**Your goal:**
Scan the data for "type" and copy the lines it appears in.

Data items:
========
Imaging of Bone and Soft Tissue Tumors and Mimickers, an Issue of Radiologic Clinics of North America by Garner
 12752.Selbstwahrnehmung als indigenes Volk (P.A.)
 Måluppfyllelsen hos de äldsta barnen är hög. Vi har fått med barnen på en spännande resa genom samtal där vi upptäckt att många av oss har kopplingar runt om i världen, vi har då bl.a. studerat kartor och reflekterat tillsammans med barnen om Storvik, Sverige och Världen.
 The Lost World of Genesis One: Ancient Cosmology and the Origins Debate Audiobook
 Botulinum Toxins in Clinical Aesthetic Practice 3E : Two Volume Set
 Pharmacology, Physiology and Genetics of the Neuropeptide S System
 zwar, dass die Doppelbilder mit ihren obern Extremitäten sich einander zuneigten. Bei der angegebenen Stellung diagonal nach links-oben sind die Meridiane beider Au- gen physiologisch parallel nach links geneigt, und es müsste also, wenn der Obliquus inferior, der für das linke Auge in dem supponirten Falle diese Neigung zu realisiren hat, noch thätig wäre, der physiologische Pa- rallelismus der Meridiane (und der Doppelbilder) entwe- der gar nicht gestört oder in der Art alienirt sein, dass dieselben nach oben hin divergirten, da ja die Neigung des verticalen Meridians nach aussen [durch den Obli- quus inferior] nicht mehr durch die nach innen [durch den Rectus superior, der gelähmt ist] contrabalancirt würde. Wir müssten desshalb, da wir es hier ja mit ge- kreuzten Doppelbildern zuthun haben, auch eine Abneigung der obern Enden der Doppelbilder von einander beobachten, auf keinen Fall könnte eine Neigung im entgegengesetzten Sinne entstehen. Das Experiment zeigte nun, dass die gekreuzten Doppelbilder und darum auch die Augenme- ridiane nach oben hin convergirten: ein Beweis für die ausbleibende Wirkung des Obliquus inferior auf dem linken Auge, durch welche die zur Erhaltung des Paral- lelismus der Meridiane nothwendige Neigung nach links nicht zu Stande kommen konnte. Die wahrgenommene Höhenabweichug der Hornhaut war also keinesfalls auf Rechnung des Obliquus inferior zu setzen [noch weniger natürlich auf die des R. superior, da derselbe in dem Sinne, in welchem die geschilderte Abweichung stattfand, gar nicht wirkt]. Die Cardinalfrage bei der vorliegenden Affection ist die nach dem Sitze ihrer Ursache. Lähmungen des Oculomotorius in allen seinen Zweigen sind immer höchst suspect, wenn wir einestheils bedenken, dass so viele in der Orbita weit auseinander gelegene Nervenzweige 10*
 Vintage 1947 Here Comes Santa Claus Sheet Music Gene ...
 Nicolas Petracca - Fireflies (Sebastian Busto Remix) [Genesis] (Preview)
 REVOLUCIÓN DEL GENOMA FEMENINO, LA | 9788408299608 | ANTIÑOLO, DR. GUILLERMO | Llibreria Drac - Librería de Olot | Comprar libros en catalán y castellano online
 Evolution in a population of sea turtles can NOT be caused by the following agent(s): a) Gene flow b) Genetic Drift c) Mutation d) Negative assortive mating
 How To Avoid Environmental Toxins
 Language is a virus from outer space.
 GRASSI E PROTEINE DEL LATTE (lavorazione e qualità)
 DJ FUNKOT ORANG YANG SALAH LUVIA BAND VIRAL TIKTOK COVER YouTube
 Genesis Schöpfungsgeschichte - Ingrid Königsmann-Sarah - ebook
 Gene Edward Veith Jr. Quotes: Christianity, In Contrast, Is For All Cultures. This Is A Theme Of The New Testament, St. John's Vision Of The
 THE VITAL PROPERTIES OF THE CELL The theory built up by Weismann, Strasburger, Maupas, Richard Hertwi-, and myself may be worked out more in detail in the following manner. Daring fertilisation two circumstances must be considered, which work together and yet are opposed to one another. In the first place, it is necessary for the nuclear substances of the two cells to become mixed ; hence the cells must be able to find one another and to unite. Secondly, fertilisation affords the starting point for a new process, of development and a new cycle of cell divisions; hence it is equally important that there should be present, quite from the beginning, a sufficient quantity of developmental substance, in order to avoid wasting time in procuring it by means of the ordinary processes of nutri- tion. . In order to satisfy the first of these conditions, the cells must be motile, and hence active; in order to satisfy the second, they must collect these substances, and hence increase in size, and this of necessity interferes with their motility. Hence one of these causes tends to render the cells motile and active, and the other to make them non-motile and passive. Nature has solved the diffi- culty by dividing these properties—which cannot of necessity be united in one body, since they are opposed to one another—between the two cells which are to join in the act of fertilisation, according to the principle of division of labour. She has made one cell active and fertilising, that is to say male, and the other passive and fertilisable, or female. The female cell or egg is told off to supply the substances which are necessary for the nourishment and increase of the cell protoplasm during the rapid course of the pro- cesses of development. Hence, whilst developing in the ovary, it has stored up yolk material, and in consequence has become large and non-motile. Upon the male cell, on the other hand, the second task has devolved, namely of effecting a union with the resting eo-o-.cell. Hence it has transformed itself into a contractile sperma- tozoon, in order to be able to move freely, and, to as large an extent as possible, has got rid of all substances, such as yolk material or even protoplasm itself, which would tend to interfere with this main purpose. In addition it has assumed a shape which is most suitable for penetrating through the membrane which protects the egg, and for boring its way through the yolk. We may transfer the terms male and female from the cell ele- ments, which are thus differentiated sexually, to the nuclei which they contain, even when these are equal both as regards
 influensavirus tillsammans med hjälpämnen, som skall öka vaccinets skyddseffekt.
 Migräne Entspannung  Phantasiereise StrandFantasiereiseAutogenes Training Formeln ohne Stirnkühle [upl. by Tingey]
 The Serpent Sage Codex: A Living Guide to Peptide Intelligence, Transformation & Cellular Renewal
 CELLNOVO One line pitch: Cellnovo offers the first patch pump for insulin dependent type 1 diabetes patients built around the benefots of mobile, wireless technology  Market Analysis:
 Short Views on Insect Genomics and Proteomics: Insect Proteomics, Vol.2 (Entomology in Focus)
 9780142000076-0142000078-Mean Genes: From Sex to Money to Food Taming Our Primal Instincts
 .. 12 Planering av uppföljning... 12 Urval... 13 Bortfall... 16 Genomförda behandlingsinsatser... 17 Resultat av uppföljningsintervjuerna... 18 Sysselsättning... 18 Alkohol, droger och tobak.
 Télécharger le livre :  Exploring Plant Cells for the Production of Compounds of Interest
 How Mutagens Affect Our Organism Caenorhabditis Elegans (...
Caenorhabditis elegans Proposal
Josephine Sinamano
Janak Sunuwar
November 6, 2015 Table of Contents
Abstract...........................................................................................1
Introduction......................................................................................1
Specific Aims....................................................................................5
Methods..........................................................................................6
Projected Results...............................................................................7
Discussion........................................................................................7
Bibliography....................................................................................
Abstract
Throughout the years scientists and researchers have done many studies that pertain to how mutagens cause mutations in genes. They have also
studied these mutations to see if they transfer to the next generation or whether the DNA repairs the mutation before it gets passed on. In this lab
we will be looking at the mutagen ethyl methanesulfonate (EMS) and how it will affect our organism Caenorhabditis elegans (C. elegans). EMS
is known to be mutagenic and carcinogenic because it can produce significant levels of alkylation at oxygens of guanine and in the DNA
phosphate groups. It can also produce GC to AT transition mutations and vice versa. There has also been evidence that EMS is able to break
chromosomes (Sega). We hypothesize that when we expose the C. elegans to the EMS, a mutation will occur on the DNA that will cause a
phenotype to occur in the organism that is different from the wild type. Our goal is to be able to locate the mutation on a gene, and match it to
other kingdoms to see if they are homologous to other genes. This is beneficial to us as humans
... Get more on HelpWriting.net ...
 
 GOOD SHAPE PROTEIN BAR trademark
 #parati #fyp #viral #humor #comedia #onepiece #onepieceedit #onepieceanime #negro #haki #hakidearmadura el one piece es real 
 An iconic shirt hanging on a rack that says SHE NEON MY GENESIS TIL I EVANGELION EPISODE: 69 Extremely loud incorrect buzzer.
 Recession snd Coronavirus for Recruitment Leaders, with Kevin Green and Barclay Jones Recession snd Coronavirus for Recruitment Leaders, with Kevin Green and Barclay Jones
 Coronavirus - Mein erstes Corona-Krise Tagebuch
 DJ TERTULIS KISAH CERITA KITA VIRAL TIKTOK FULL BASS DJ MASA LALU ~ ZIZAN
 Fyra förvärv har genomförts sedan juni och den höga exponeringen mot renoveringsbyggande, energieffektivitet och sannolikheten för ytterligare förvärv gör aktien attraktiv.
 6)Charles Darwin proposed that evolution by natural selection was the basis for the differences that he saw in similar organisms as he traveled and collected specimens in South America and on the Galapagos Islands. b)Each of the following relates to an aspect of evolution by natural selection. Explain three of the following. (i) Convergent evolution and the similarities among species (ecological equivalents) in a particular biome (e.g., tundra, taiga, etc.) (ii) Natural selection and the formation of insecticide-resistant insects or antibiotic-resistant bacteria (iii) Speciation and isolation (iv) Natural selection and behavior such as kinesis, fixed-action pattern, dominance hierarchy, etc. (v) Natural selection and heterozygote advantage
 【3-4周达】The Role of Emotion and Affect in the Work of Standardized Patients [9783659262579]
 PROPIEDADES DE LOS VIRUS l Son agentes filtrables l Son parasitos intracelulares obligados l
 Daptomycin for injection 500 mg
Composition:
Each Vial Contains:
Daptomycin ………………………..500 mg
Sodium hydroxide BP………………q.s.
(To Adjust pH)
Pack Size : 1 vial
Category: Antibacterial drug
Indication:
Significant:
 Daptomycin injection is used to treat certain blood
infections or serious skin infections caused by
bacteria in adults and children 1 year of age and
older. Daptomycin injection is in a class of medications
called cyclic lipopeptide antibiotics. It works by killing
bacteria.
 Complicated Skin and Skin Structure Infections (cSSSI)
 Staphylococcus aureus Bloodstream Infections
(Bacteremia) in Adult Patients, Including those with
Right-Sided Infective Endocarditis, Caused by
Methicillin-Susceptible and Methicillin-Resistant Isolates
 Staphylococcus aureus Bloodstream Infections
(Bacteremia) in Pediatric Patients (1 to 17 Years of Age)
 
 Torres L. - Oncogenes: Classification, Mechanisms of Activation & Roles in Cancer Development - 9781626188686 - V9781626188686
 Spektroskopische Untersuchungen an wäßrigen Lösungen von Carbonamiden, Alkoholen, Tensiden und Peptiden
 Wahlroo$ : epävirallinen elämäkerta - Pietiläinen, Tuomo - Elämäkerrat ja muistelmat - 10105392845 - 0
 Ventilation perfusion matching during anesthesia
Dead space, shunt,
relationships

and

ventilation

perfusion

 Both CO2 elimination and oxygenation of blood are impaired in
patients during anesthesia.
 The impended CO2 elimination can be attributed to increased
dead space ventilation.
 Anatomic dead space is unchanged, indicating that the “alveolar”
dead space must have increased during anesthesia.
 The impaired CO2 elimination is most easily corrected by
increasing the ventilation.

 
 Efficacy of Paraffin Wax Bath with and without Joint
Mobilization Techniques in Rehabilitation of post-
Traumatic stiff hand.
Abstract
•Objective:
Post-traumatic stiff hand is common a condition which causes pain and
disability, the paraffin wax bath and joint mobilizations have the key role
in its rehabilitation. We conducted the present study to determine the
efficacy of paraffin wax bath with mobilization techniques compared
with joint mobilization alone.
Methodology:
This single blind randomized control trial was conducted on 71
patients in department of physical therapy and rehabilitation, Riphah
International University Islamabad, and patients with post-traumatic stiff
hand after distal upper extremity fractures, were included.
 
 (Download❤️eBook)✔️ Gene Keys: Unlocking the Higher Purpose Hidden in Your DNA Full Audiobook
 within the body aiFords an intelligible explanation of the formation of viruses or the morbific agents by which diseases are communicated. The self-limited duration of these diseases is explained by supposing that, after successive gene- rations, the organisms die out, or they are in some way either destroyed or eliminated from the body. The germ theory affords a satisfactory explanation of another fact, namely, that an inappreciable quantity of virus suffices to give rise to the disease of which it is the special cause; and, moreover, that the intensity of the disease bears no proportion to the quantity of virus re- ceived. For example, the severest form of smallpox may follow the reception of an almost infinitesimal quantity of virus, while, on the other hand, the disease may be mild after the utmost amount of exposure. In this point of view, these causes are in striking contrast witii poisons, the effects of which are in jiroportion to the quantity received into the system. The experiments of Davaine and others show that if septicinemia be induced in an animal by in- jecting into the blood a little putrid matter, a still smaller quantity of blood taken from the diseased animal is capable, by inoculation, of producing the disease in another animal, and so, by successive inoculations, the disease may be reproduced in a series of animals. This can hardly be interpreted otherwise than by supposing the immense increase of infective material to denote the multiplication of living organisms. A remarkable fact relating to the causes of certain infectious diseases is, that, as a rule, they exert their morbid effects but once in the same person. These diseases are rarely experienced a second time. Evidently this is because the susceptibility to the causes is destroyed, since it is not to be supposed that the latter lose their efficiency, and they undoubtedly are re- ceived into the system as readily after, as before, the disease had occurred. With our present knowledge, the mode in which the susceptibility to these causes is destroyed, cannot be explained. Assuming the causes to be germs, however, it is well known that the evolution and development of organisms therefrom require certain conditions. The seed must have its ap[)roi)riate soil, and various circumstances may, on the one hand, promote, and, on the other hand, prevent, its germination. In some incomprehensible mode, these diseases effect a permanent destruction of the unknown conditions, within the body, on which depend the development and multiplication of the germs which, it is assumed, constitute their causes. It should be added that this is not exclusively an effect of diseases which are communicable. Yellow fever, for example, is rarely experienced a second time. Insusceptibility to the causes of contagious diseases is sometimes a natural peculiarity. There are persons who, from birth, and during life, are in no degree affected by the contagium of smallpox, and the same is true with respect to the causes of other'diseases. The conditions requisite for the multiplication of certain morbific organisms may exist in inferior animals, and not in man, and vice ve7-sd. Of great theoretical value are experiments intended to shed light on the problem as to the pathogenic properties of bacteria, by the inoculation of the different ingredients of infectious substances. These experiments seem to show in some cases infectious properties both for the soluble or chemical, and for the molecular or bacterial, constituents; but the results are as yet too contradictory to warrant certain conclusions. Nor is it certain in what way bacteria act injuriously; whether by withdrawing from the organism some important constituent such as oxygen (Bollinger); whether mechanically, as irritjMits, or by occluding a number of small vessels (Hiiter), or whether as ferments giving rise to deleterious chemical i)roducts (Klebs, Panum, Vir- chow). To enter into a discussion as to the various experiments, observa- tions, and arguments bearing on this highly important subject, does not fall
========
**Answer:**
 CELLNOVO One line pitch: Cellnovo offers the first patch pump for insulin dependent type 1 diabetes patients built around the benefots of mobile, wireless technology  Market Analysis:
phenotype to occur in the organism that is different from the wild type. Our goal is to be able to locate the mutation on a gene, and match it to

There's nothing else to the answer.